Federal Circuit reverses summary judgment of non-infringement (and claim construction) on three patents, and affirms summary judgment of non-infringement on a fourth.

GE Lighting Solutions, LLC v. AgiLight, Inc., ___ F.3d ___ (Fed. Cir. May 1, 2014) (Rader, MOORE, Reyna (dissent-in-part)) (N.D. Ohio: Gwin) (2 of 5 stars)

Dictionary_267x200Regarding the first two patents, the district court improperly imported limitations into the term "IDC connector." It was undisputed that the term has a broad plain meaning, and "the specification and prosecution history only compel departure from the plain meaning in two instances: lexicography and disavowal." Slip op. at 5. Neither circumstance was present here.
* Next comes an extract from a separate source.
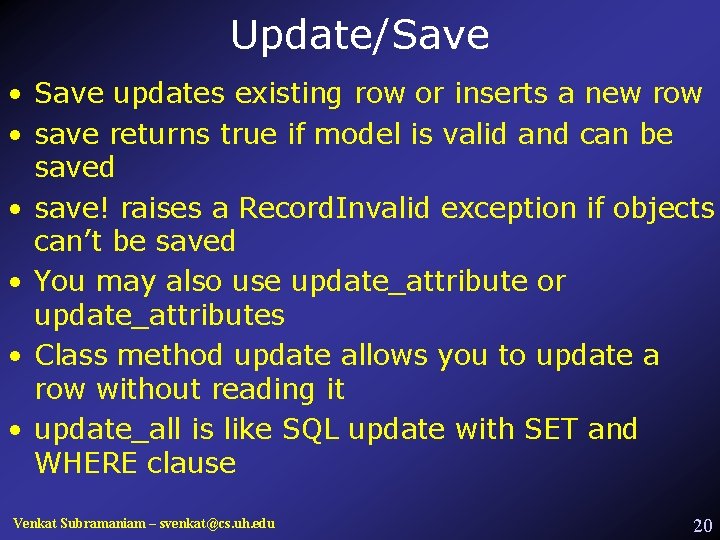 Update/Save • Save updates existing row or inserts a new row • save returns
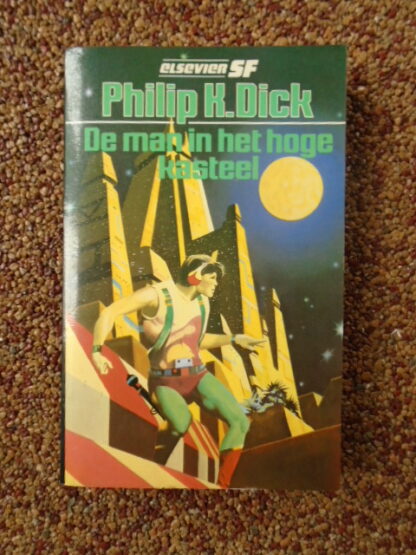 Philip K. Dick - De man in het hoge kasteel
Although the specifications disclosed only a single embodiment, it described it as merely the "depicted embodiment," did not describe any limitation "as the present invention, as essential, or as important," and do not "disparage other IDC connectors." Id. at 7. Moreover, claim differentiation supported a broad construction.

Regarding the third patent, the disputed term was an "optical element having a substantially ellipsoidal inner profile and generally spherical outer profile." Although the parties had initially stipulated to a construction, a dispute arose later that the court had to resolve. "This is not an uncommon occurrence—parties in patent cases frequently stipulate to a construction or the court construes a term, only to have their dispute evolve to a point where they realize that a further construction is necessary.” Id. at 9. Ruling that the term required only a portion of the inner profile (not the entire profile) to be substantially ellipsoidal, the Federal Circuit concluded that the images of the accused products alone created a fact issue on infringement, even though the patentee relied on only argument about those images and did not have expert testimony: "Surely an expert is not required to create a fact question about whether something is generally spherical to preclude summary judgment." Id. at 13.

Regarding the fourth patent, the Federal Circuit held that the accused device—a concave lens—is not an "annular gasket" because it lacked the requisite "opening." The volume inside the lens was not an "opening" given the plain meaning of "gasket" and the patent's description of the gasket as ring-shaped.

Dissent-in-part: Judge Reyna would have held that the third patent required that the "entirety" of the inner lens be "substantially ellipsoidal." According to Judge Reyna, there was an inconsistency in the specification that should have been resolved against the patentee given the prosecution history and because the majority's construction would expand the claims to cover some absurd examples.